C'est ce que j'étais. Un fantôme hantant ma propre famille. Le rappel d'un passé qu'ils avaient essayé d'oublier. Ils avaient construit une nouvelle famille parfaite sur les fondations de mon absence. Mon retour était une complication malvenue.

L'amour dont j'avais été affamée était maintenant entièrement dirigé vers Maxime. Il était le fils dont ils étaient fiers. J'étais la fille qui était un rappel constant et décevant de leur échec.

De retour dans le présent, un inspecteur est entré dans la salle d'attente. « Monsieur, nous avons vérifié les récents signalements de personnes disparues. Rien ne correspond à la description de la victime. »

« C'est probablement une fugueuse d'une autre région », a ajouté un autre policier. « Ou sa famille ne se soucie pas assez d'elle pour signaler sa disparition. »

Les mots sont restés en suspens dans l'air. Ma famille ne se souciait pas assez de moi pour signaler ma disparition. Parce qu'ils avaient déjà décidé qui j'étais. J'étais un problème, un inconvénient, une source de drame.

Mon père a soupiré, l'air vraiment las. Il s'est tourné vers ma mère.

« J'ai presque pitié d'eux », a-t-il dit doucement.
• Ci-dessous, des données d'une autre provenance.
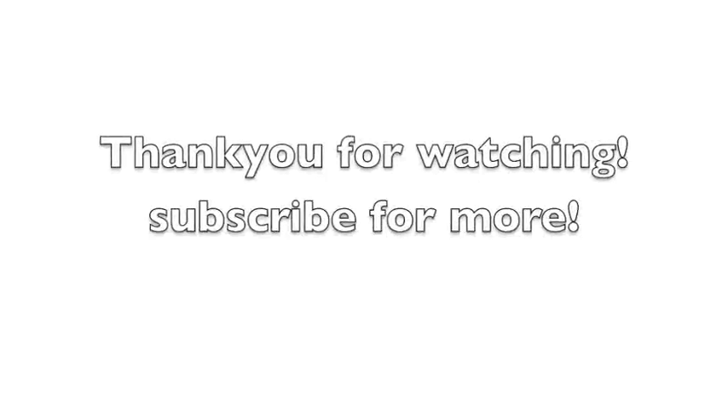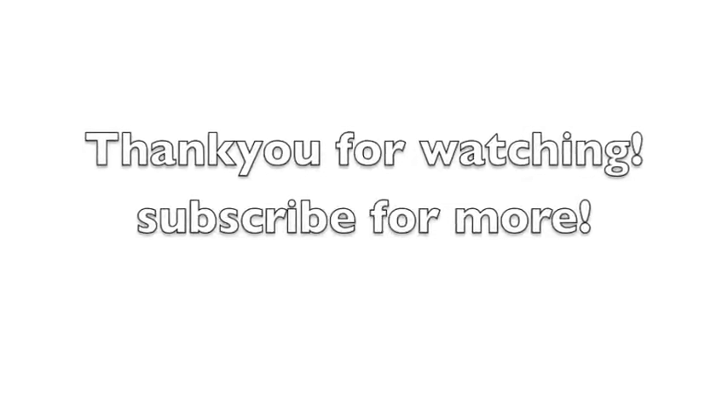And then I am going to use my MAC lipstick — I forgot the name of it but I will put the name down in the description box. And we are done! I hope you enjoyed this bombshell tutorial, thank you very much.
« De qui ? » a-t-elle demandé.

« Des parents », a-t-il répondu, sa voix remplie d'une pitié terrible et ignorante. « Quels qu'ils soient. Découvrir que c'est comme ça que leur fille a fini... C'est le pire cauchemar de tous les parents. »

C'était leur cauchemar. Ils le vivaient. Ils ne s'étaient juste pas encore réveillés.